By Anita Gates
TV Guide
Oct. 14-20, 2000
This season, another unhappy New York lawyer (Thomas Cavanagh) packs up and goes home to the fictional town of Stuckeyville on NBC's Ed... "There is this fantasy of what it would it be like to start over," says Rob Burnett, Ed's creator and executive producer. "Ed, in his moment of crisis, is looking through pictures and asks, 'When was the last time I was really happy?' [Then he decides:] 'I'm going to now go re-create my past."
Ed's moment is actually one very bad day in which he's fired from a Manhattan law firm, only to come home and find his wife in bed with the mailman. No wonder his gaze falls longingly upon a photo of Carol Vessey (Julie Bowen), the girl he adored from a far in high school. So when he revisits Stuckeyville and runs into the still-beautiful Carol, he promptly buys the local bowling alley and moves home.

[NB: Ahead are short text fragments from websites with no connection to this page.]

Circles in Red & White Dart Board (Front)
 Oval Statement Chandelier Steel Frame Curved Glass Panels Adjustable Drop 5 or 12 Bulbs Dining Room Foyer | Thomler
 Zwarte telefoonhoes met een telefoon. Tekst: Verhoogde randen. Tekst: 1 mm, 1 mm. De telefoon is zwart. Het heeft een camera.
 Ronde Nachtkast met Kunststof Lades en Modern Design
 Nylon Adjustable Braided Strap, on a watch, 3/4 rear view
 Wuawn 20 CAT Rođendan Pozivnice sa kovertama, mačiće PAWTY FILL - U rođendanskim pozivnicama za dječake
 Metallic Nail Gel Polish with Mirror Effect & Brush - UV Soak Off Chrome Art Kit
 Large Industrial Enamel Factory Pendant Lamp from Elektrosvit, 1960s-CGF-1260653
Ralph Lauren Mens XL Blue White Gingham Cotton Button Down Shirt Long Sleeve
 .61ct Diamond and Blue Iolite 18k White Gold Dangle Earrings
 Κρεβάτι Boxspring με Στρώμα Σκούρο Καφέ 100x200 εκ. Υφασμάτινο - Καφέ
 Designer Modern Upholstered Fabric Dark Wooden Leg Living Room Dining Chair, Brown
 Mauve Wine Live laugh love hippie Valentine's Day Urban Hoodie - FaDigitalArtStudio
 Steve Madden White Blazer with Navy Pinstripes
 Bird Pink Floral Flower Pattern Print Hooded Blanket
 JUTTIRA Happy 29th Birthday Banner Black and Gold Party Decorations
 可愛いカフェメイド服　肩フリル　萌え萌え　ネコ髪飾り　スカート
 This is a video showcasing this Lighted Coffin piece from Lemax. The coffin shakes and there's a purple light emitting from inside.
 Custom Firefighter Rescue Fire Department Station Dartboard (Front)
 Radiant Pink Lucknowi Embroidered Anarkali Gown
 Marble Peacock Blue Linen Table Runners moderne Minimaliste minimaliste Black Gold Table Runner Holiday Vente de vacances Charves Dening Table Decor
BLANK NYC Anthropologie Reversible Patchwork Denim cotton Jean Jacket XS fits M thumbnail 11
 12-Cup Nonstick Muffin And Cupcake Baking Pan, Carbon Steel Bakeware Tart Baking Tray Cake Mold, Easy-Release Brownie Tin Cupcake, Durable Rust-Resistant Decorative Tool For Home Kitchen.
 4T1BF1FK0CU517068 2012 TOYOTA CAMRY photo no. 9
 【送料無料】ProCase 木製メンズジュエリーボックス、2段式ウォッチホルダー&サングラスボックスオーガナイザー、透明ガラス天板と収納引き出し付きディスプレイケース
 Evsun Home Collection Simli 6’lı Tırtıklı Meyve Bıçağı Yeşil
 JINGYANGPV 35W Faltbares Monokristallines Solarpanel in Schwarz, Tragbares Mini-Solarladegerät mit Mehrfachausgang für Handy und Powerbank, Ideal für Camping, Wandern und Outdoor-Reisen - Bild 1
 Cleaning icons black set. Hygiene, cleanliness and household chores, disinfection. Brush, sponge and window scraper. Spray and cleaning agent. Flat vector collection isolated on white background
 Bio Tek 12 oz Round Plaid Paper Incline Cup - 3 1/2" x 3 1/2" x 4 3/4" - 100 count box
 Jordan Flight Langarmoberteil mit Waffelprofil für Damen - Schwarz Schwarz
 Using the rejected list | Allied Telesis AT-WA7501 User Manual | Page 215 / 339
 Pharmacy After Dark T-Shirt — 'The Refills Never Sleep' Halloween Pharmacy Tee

"What if a guy in that position suddenly got a completely clean slate?" asks Burnett, 38, who left North Caldwell, New Jersey, for New York City 15 years ago. "I think there's something very compelling about that."
On the other hand, if a person's in the market for a new life, why not move to Paris? Or Hawaii? But Stuckeyville? On TV, the lure of the familiar is irresistible. And that visceral reaction to the streets and byways of your childhood seems universal.